Donald Karl Schott (born September 13, 1955) is a Wisconsin attorney in private practice and is a former nominee to be a United States circuit judge of the United States Court of Appeals for the Seventh Circuit.

Biography
Schott was born on September 13, 1955, in Lynwood, Los Angeles County, California. He received a Bachelor of Arts degree in 1977 from the University of Wisconsin–Madison. He received a Juris Doctor, cum laude, in 1980 from Harvard Law School.
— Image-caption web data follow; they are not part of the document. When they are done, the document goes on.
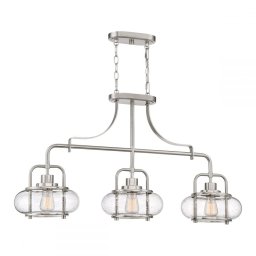Suspensie Quoizel Trilogy, nichel, L:96,5 cm, 3xE27, QZ-TRILOGY-ISLE-BN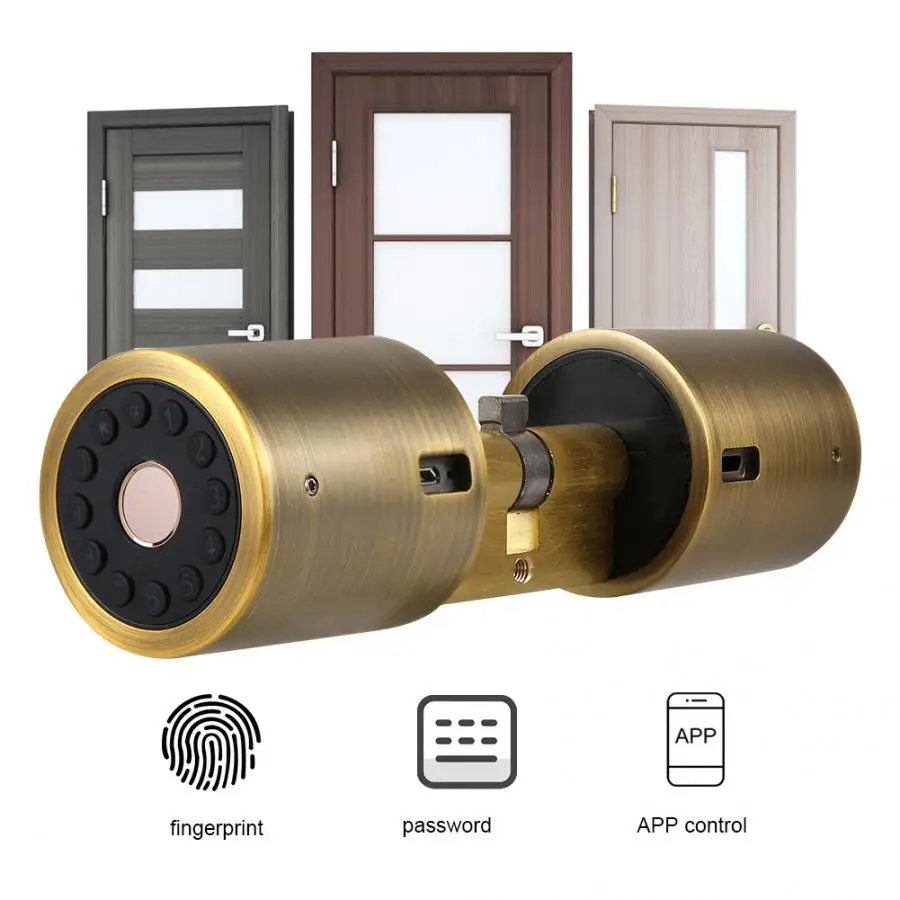 

Smart Fingerprint Password Lock Bluetooth APP Control Keyless Entry Cylinder Locks Home Security Accessories Doorlocks
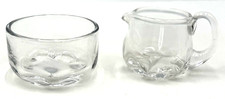 Vintage Clear Glass Creamer Sugar Bowl Set Pressed Floral Pattern Small picture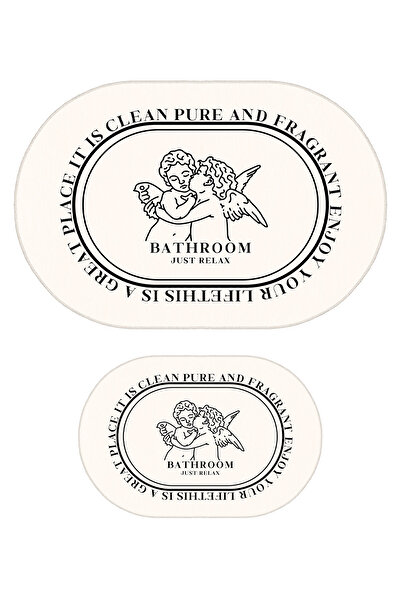 Homefesto Special Design, Non-Slip Base, Thin, Washable, Modern Bathroom Mat Set - 60x100 cm & 40x60 cm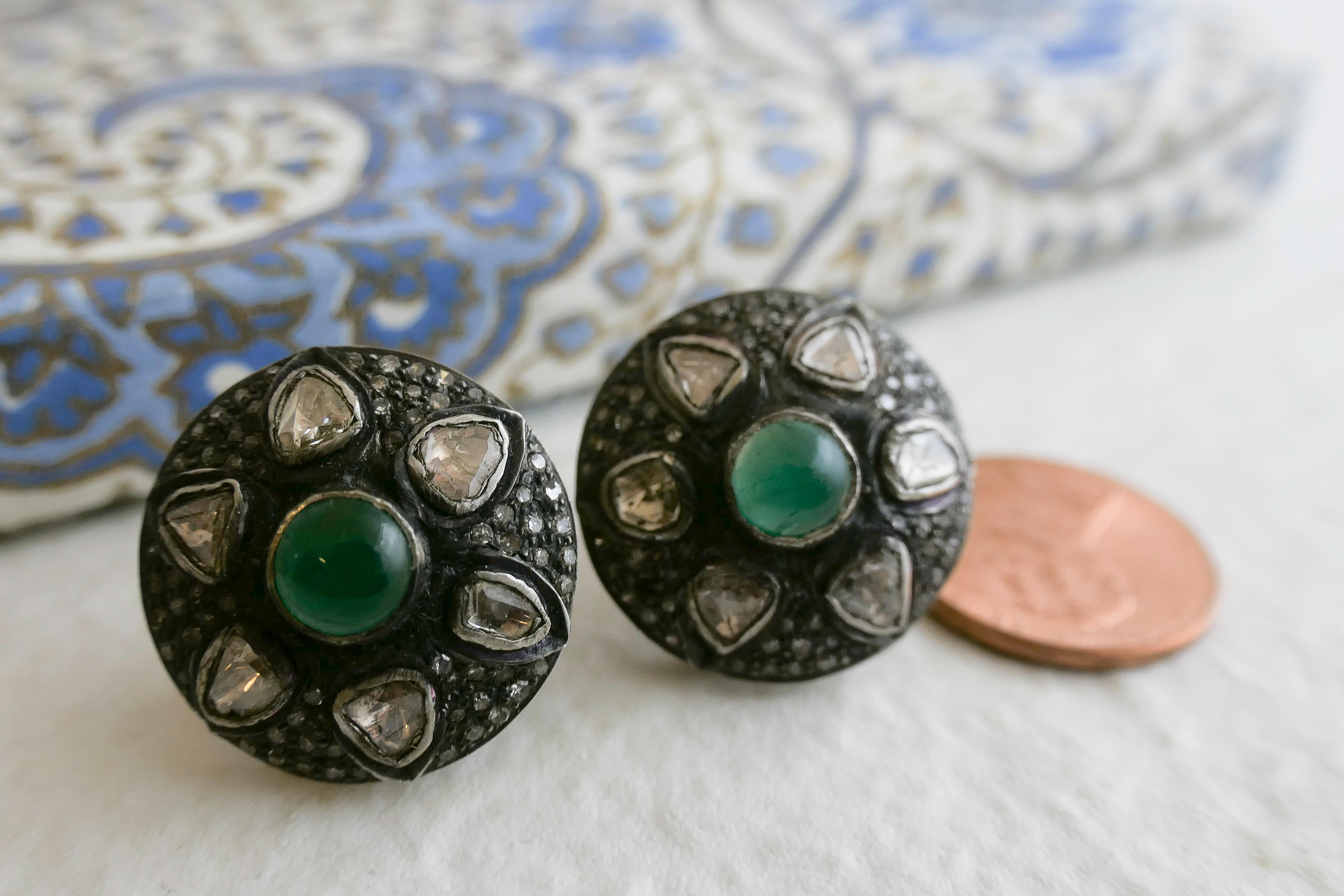 Emerald and Diamond Slice Stud Sterling Silver Earrings For Sale 3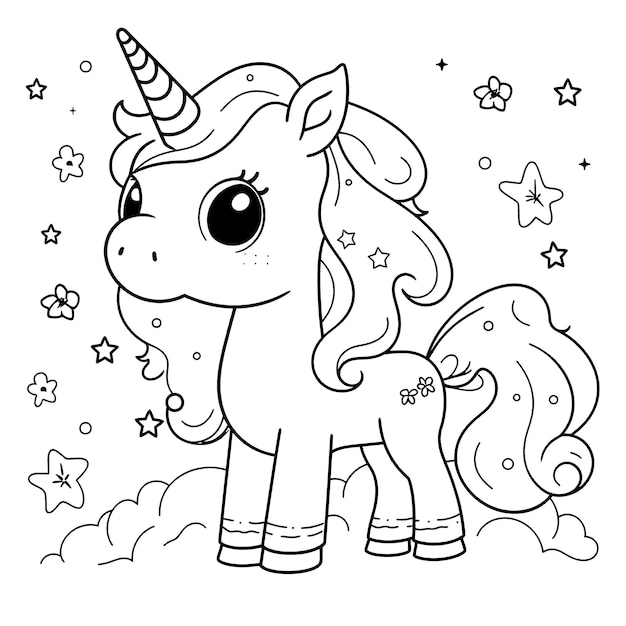 Vector página para colorear de unicornio en blanco y negro para niños y adultos, arte lineal, estilo de dibujos animados simple, feliz, lindo y divertido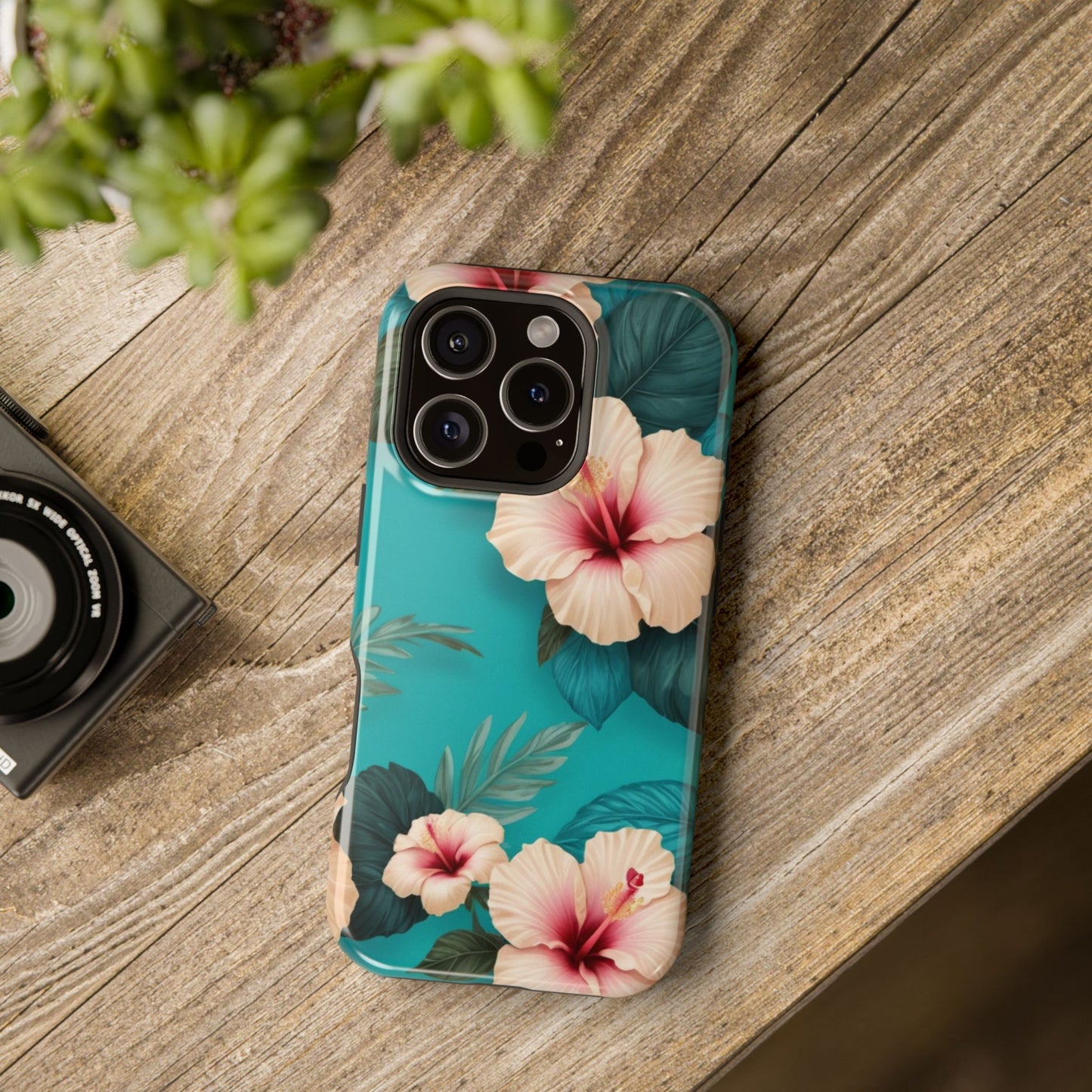 Tropical Floral Magnetic Tough Phone Case for iPhone 16 15 14 13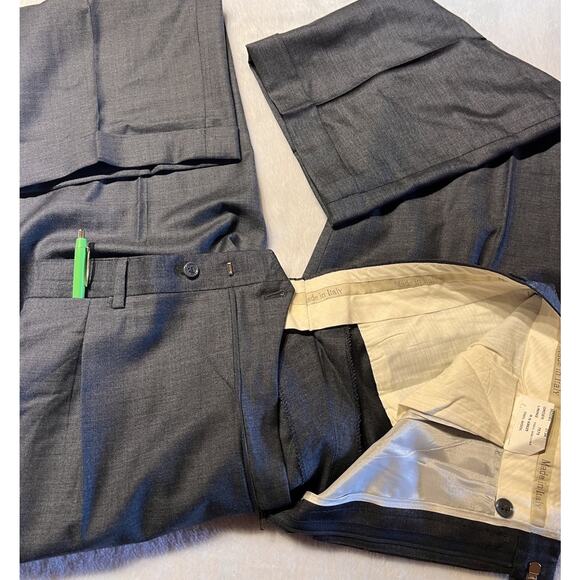 Custom Italian Designer Mens Suit 46L 36x30 Gray Wool Super 100s Luxury - Picture 13 of 16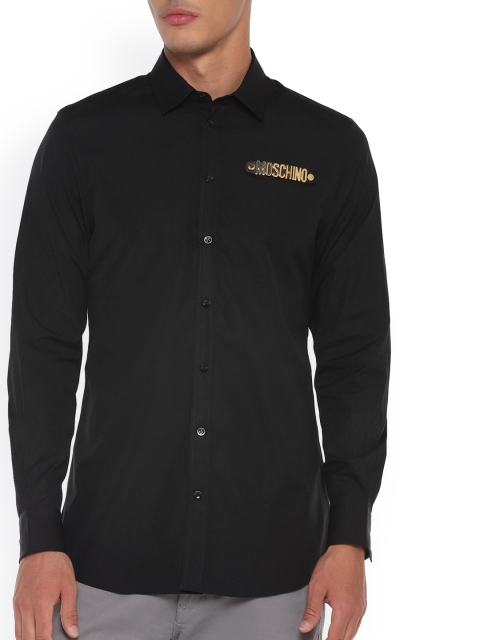 

MOSCHINO COUTURE Men Black Opaque Cotton Chest Plaque Casual Shirt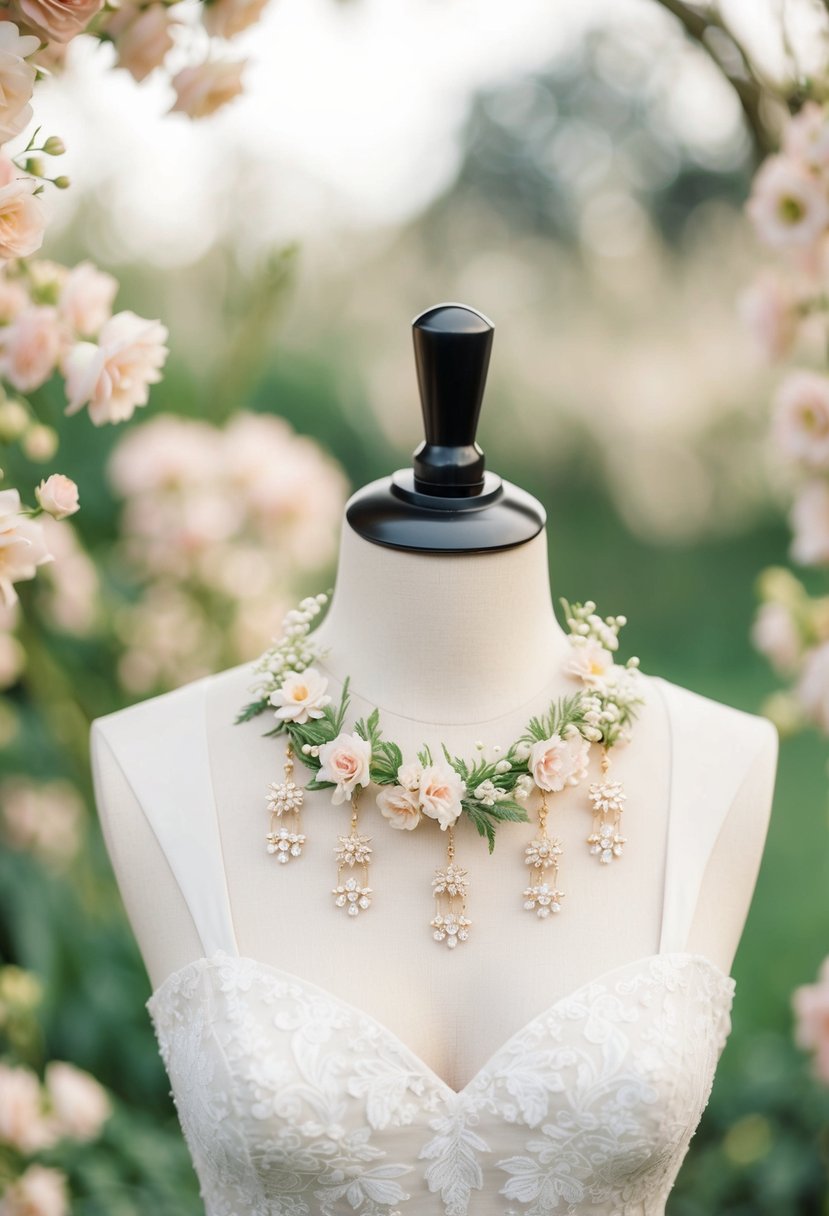 A square-neck wedding dress adorned with floral-inspired danglers, surrounded by delicate earrings in a soft, romantic setting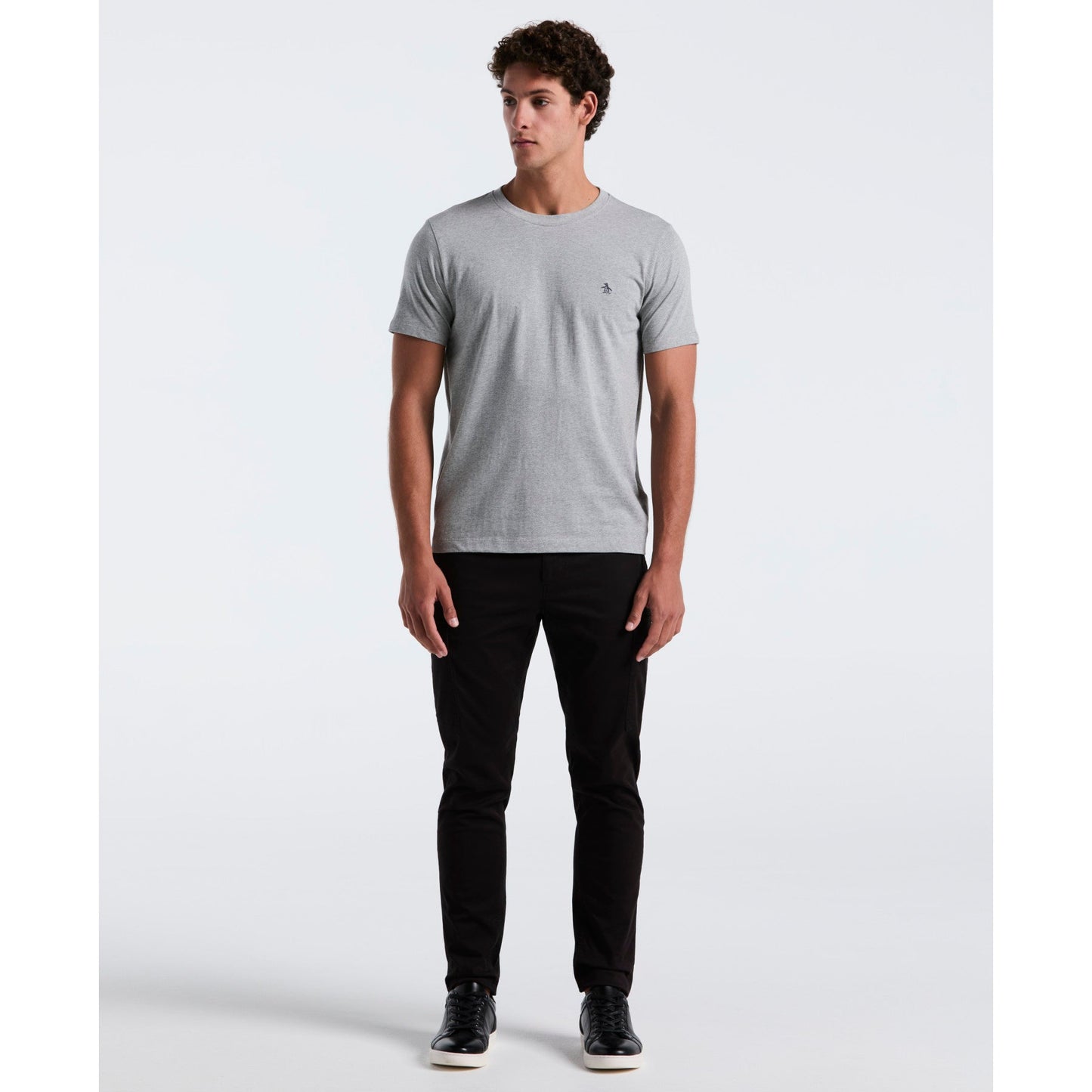 Original Penguin Pin Point Embroidered Logo Organic Cotton T-Shirt In Rain Heather(Pin Point Embroidered Logo Organic Cotton T Shirt Grey Opkb0903gp 080)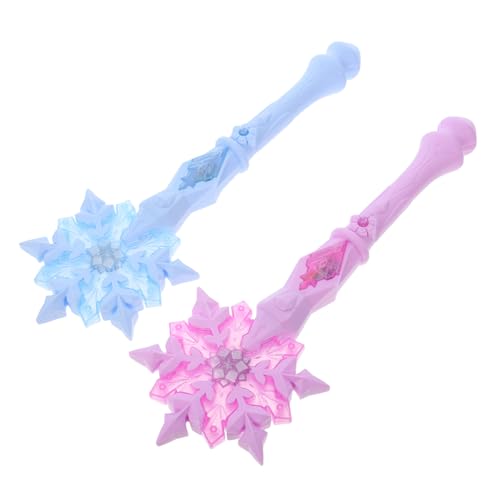 FRCOLOR 2 Stück Leuchtende Schneeflocken Zauberstäbe Leichte Farbige Feenstäbe für Mädchen Cosplay Party Requisiten Bühnenauftritte Geburtstagsfeiern Winterliches Blau und Rosa von FRCOLOR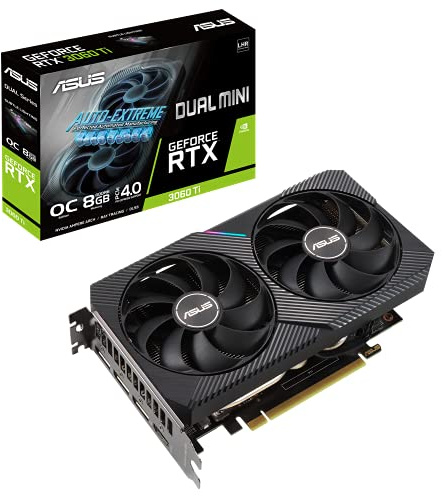 ASUS Dual GeForce RTX3060 TI Mini 8G V2 OC Edition Gaming Grafikkarte (Lite Hash Rate (LHR), Nvidia Ampere, PCIe 4.0, 8GB DDR6 Speicher, 2x HDMI 1.2, 3x DisplayPort 1.4a, DUAL-RTX3060TI-O8G-Mini-V2)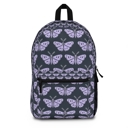  Lavender Moths Backpack, Artistic Boho School Bag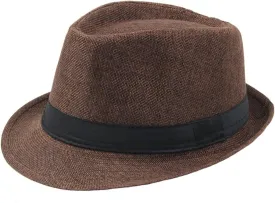 Jazz Fedora Hat Panama Hat Men Vintage Top Hat Men's Fashion Jazz Cap, Fits Head Circumference 56-58cm/22-22.83"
He began his legal career as an associate at the Milwaukee, Wisconsin law firm of Quarles & Brady, from 1980 to 1983. From 1983 to 1985, he served as a legislative liaison for the Office of the Governor before returning to Quarles & Brady at their Madison office as an associate in 1985. He became a partner with the firm in 1987. During his legal career, Schott has represented a number of clients in cases involving a wide range of legal issues including securities regulation, corporate governance, health care, and environmental disputes. He litigates in Federal and State courts at the trial and appellate level. In addition to an active litigation practice, he regularly counsels clients on litigation avoidance. He is active in firm management and leadership, having served on the firm's Executive Committee since 1991, and as the former managing partner of the Madison, Wisconsin office. In 2001, Schott was inducted as a fellow in the American College of Trial Lawyers.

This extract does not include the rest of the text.